Однако он собрался уходить только тогда, когда два голых тела в ложбинке стали явной добычей несметного количества мух и муравьев. Правда, так было и до того. Но они заметили это, похоже, лишь сейчас, и постепенно им стало это надоедать. До самого последнего момента Дон Жуан ждал, что с ними произойдет что-то еще, нечто противоречащее обычному ходу вещей. Но что, например? Никаких вопросов, осадил он меня строго.
Поворачиваясь, он наступил на хворост, и парочка тут же заметила его. Он уточнил: никакого хруста, заставившего их обернуться, а только его, стороннего наблюдателя, вздох. Вздох разочарования? Прекратить задавать вопросы! По правде говоря, я никогда и ни у кого не слыхал такого вздоха, как у Дон Жуана. И он целую неделю предоставлял мне эту возможность постоянно слышать его вздох — во время рассказа или безмолвного сидения в саду. Это был вздох стареющего мужчины и одновременно ребенка. Необыкновенно тихий и легкий, даже нежный, но он доносился, проникая сквозь любой шум, даже сквозь непрерывный гул с автострады — скоростной трассы, прорезавшей с недавних пор долину Родон и беспрестанно показывающей ей свой оскал, — сквозь ураганный шквал и вой бомбардировщиков, на протяжении всей недели грохотавших над нашими головами в ритме их маневров на Троицын день. Вздох Дон Жуана внушал мне доверие, и не только к одному этому человеку.

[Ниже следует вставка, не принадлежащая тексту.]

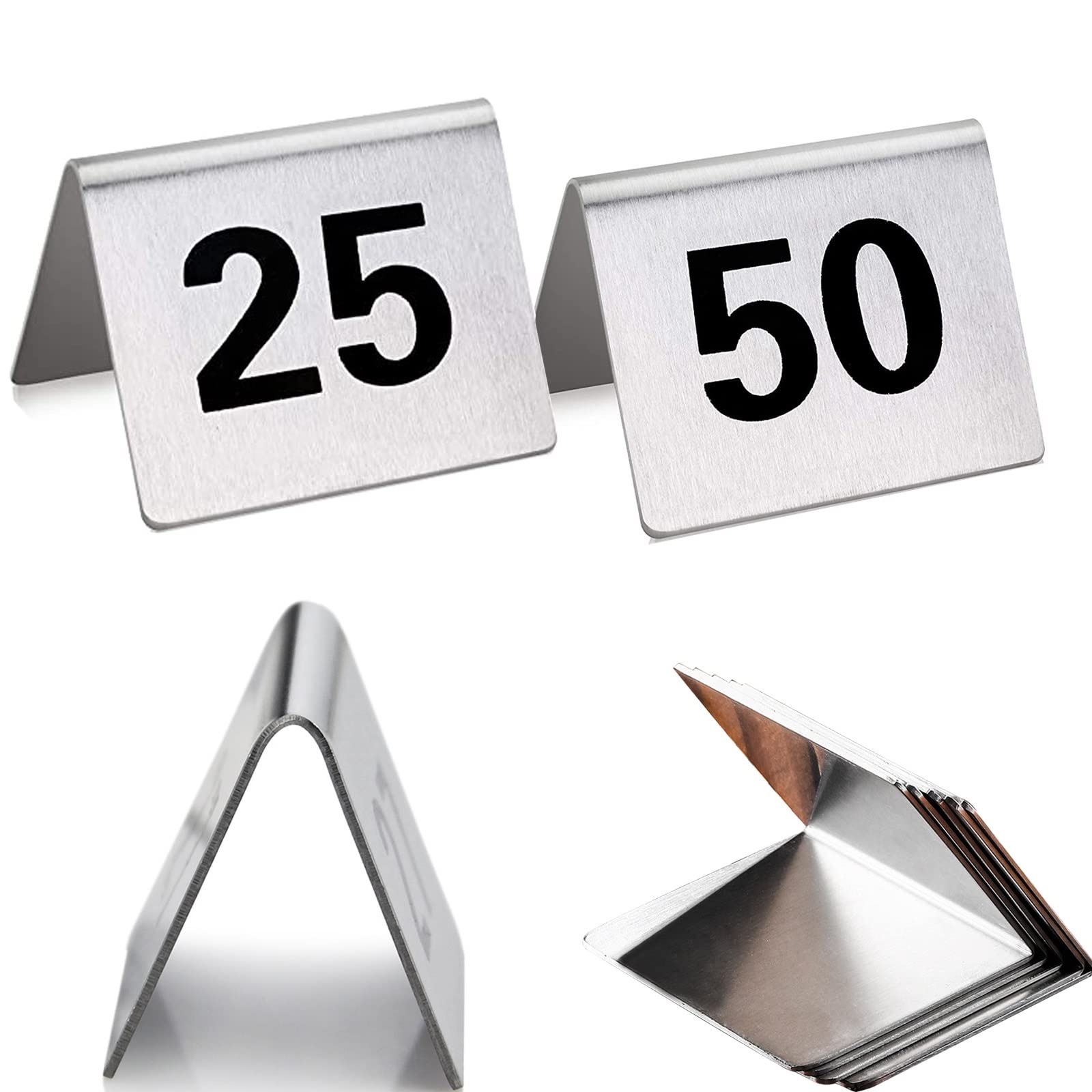 MYUYEE Stackable Table Number Cards, Stainless Steel Tent Style Table Number, For Restaurants, Establishments & Special Events, Digital Sign Seat Card 1-50/100 Number (1 To 50-L:40Xw:50Mm)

Любовная же парочка, напротив, расценила его вздох как предательство. Их привело в бешенство не то, что на них кто-то смотрел. Они схватили свои кожанки и помчались за ним, потому что он как зритель, наблюдавший за ними и за тем, что они только что пережили и что, возможно, незримо еще держало их в плену, подверг все своим вздохом унижению и осмеянию. А Дон Жуан, как всегда, даже и в других ситуациях, бежать не собирался. С какой стати он должен бежать? Да и нельзя ему было бежать. Но, как всегда, другого выхода не было: пришлось бежать.